Excerpt from The Devil’s Treasure by Mary Gaitskill
I am sixty-five years old. I dreamed of going to hell to steal from the devil when I was six. The story is not the same as the dream; in the dream I didn’t get lost in hell or meet anybody or see faces on a wall. I just took the treasure from behind the devil’s armchair (where he sat peacefully reading) and ran back up the stairs into my yard, into my home. Right before I put the bag of treasure under my bed, I opened the top drawer of my dresser to see if my underwear and the weird little objects that I collected there were the same; that everything was as usual somehow convinced me that the dream was real and I went to bed satisfied. I was very disappointed to find that the bag wasn’t there the next day.
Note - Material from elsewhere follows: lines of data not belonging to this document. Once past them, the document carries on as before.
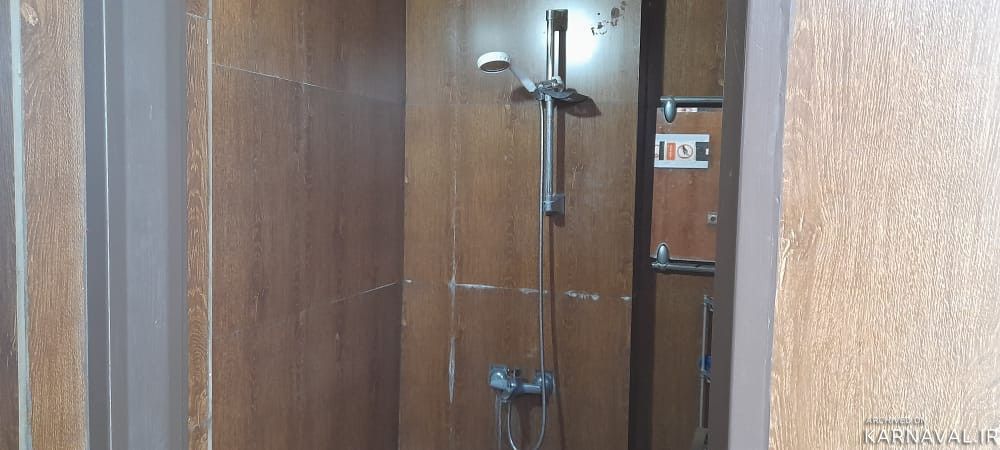 ویلا دوبلکس با استخر آبگرم محدوده باغ بهادران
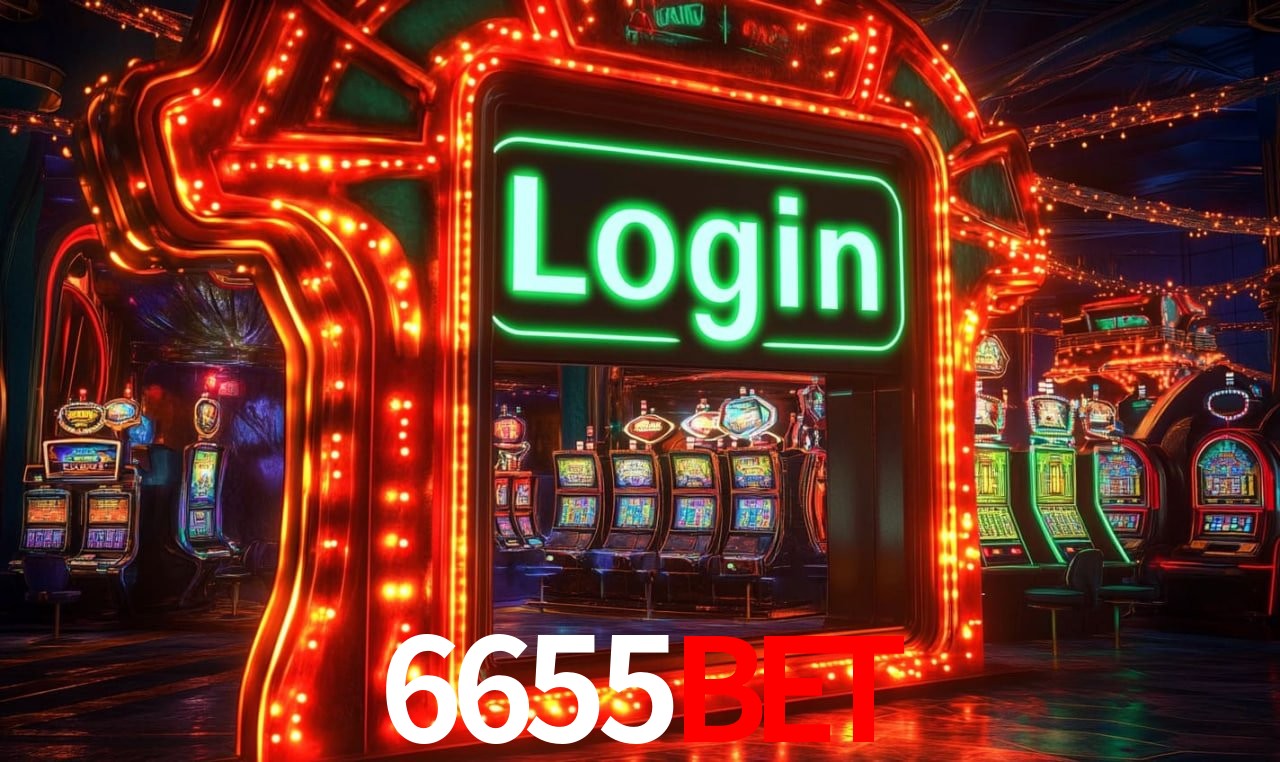 Descubra a Magia dos Jogos de Arcade no 6655Bet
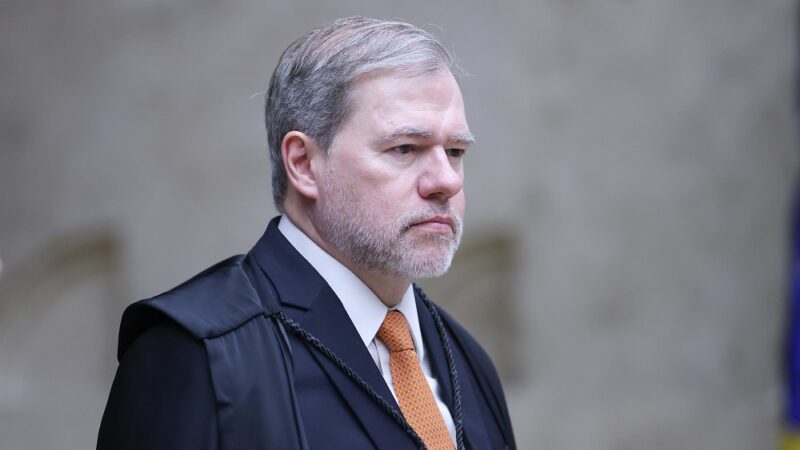 STF envia investigações sobre fraudes no INSS para a PGR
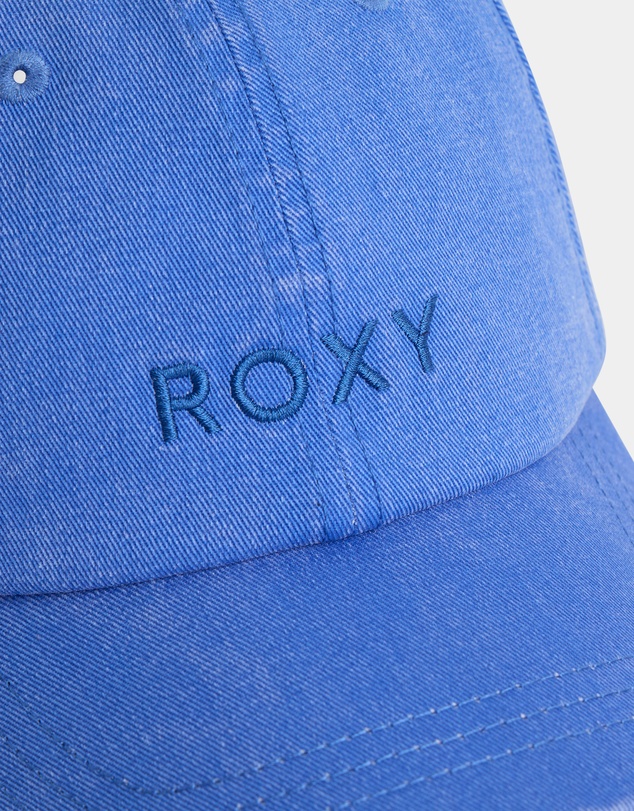 Roxy - Womens Long Days Dad Cap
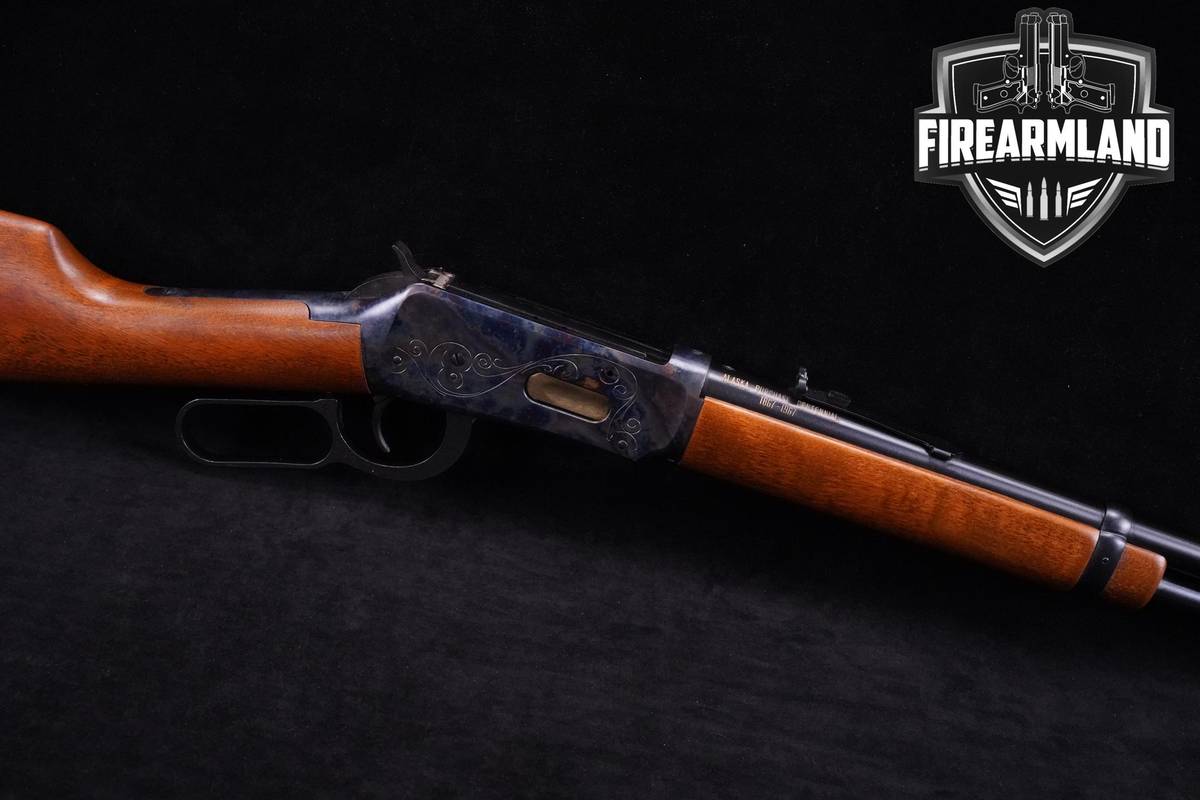 1-OF-1500! 1967 Winchester 94 Alaska Purchase Commemorative 30-30-Win 1894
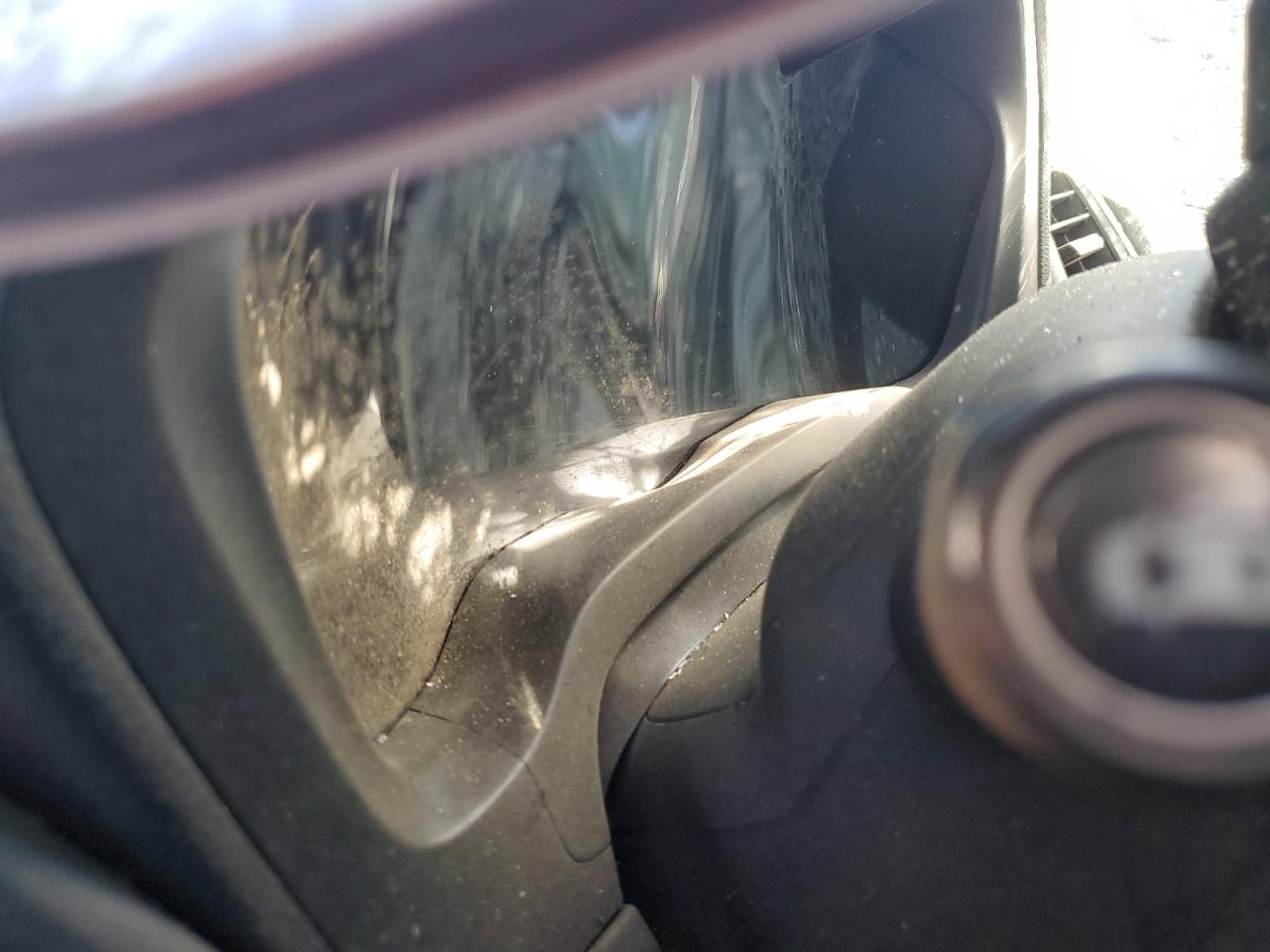 2016 Honda HR-V VIN 3CZRU6H70GM761404 Copart auction photo, all over damage thumbnail 9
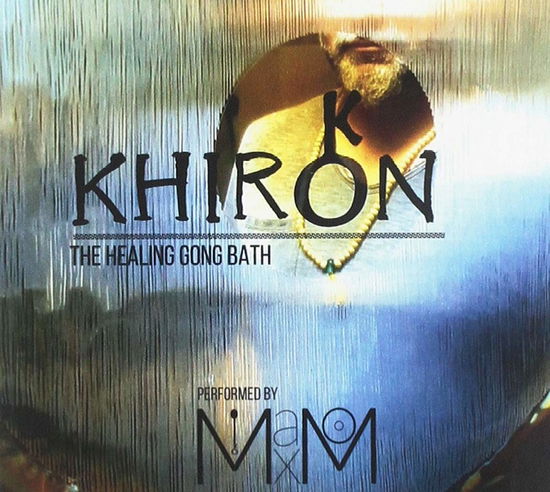 Khiron: The Healing Gong Bath - Max - Muzyka - LUSHLIFE PRODUCTION - 8388766343268 - 31 stycznia 2024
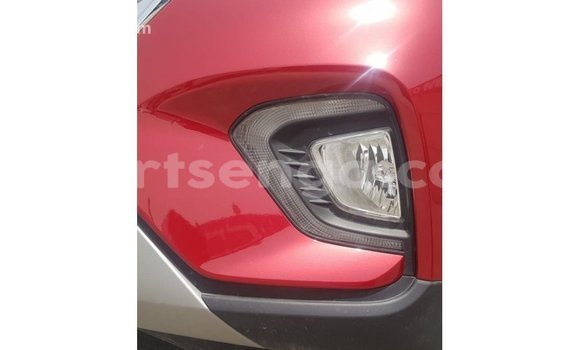 Buy Import Hyundai Creta Red Car in Import - Dubai in Hhohho Buy Import Hyundai Creta Red Car in Import - Dubai in Hhohho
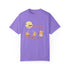Chicks Fright Night Unisex Garment-Dyed T-shirt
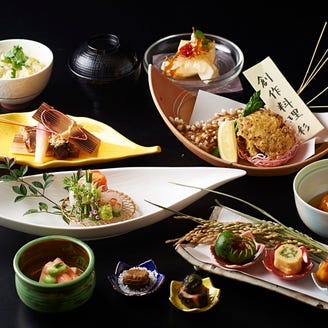 川崎でオススメの会席 懐石料理が堪能できる接待やデートにおすすめのお店4選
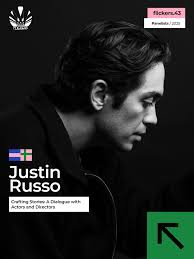 Please welcome Katie Goldman to our “Hollywood Insiders: The Movers and  Shakers of Show Business” Panel! Located at the GRADUATE HOTEL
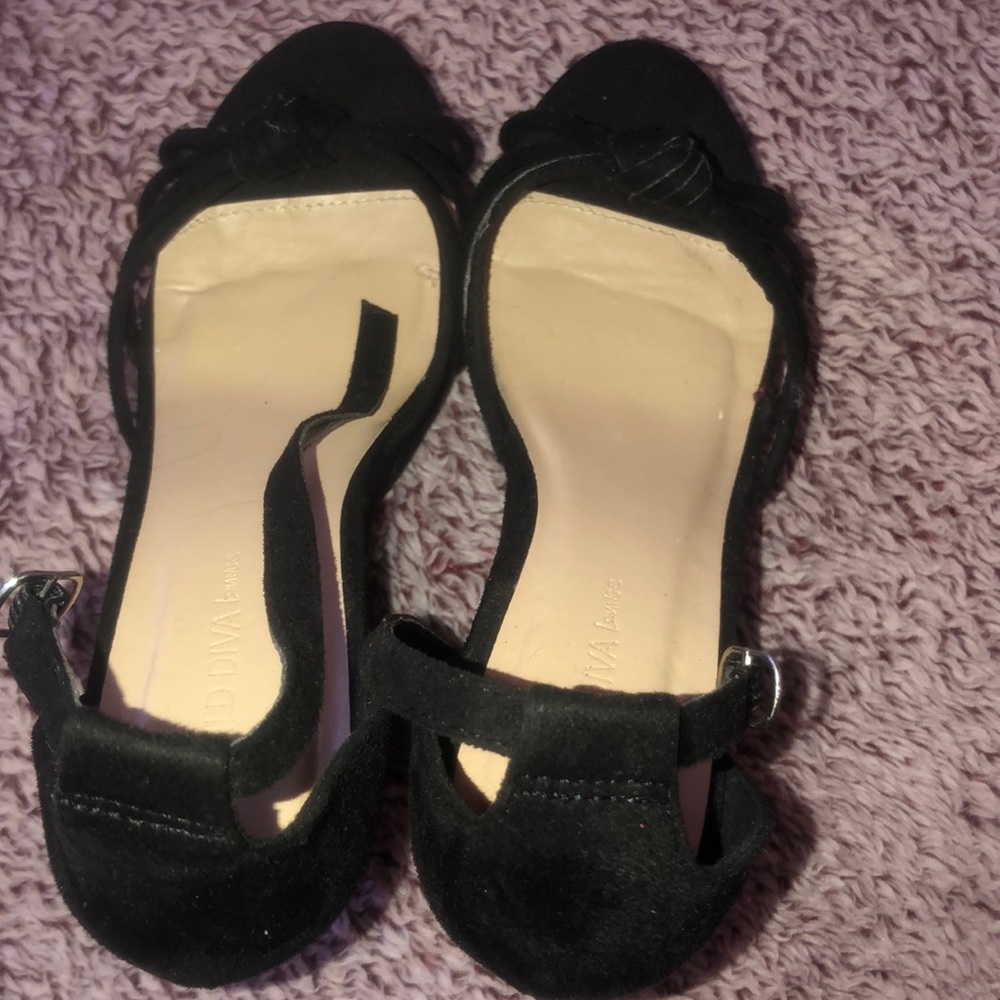 Wedges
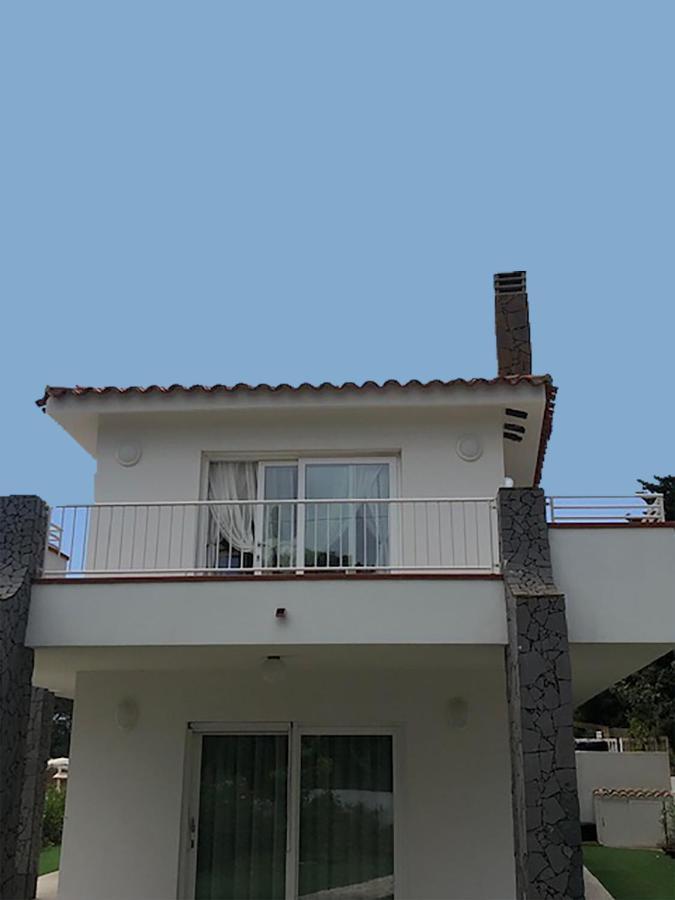 - La Casa Delle Meraviglie- Anima Sarda Порто-Пино Экстерьер фото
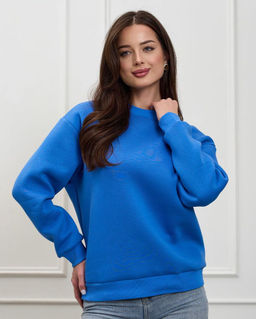 Свитшот с начесом J.611 - Argo classic фото 8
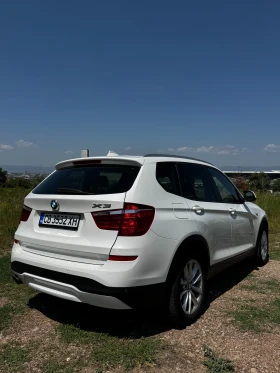 BMW X3 - 26000 лв. - 53457651 4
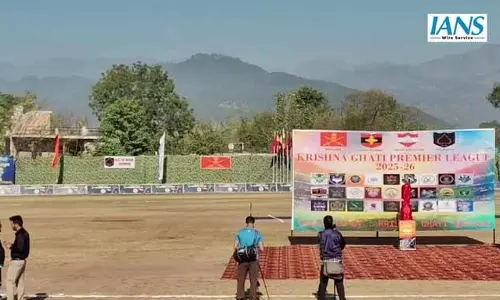 एलओसी : पुंछ में इंडियन आर्मी ने शुरू किया ‘कृष्णा घाटी प्रीमियर लीग 2 एलओसी : पुंछ में इंडियन आर्मी ने शुरू किया ‘कृष्णा घाटी प्रीमियर लीग 2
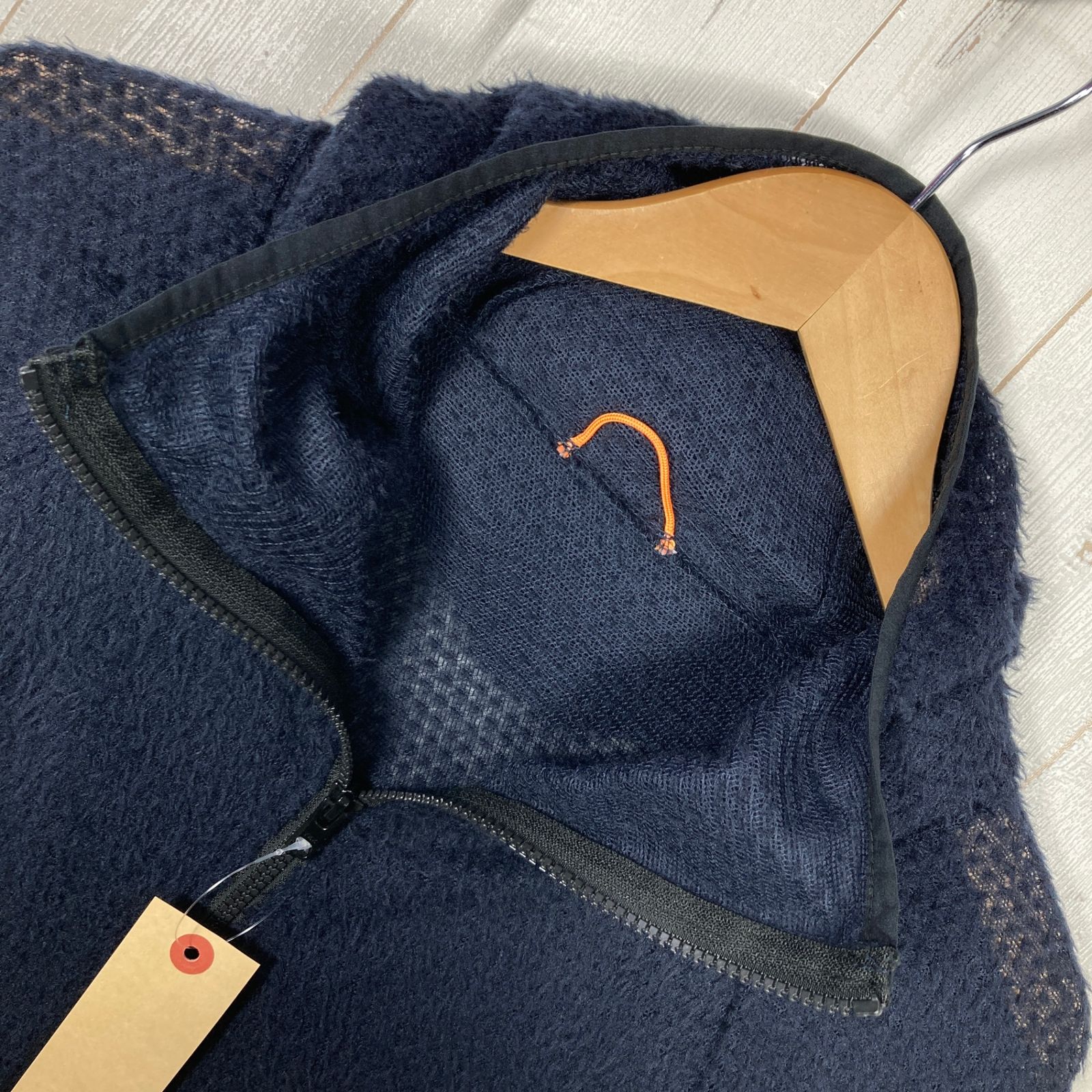 トップス アウター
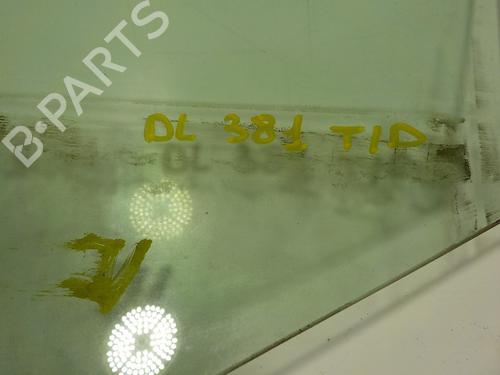 Rear right door window LAND ROVER FREELANDER 2 (L359) 2.2 TD4 4x4 | BP13920825C21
I had another powerful dream sometime after that, maybe I was seven. I was at school in the big auditorium where we would be assembled for any important announcement or national occasional, like a speech about the meaning of Thanksgiving or patriotism. In the dream the whole school was present and the principal was giving an inspiring speech. But we couldn’t concentrate on the speech because behind the principal was a huge cake that was almost as high as the ceiling. When he was finished talking we were going to eat the cake and we could hardly wait. He went on and on, but finally the moment arrived and all the kids charged the fantastic cake which had been conveniently cut into individual pieces. I grabbed a piece and started to take a bite—and then saw that the cake was full of worms.
When I told my husband about this dream he said “You were realizing at a young age that whenever an authority figure is giving an inspiring speech, there’s got to be worms somewhere.” That could be; the social nature of the dream is clear in the location of the school assembly room—my locus of official civic life at the time. It is about socially dispensed bounty that is beautiful and appetizing but full of rot not visible from the outside. It is also about greed, the kind of greed that children are punished for in fairy tales, the forever greed of humankind.
My dream of the devil is about greed too, for candy and the treasure with which to buy it. In the story about the dream, this greed comes from starvation: women are starving for love and the beauty of a young man who lives in a delightful world, a young man whose own starvation transforms him into a charnel house where arms are torn off and eaten; a young man whose soul is a beautiful song trapped in the terrible place where it is housed.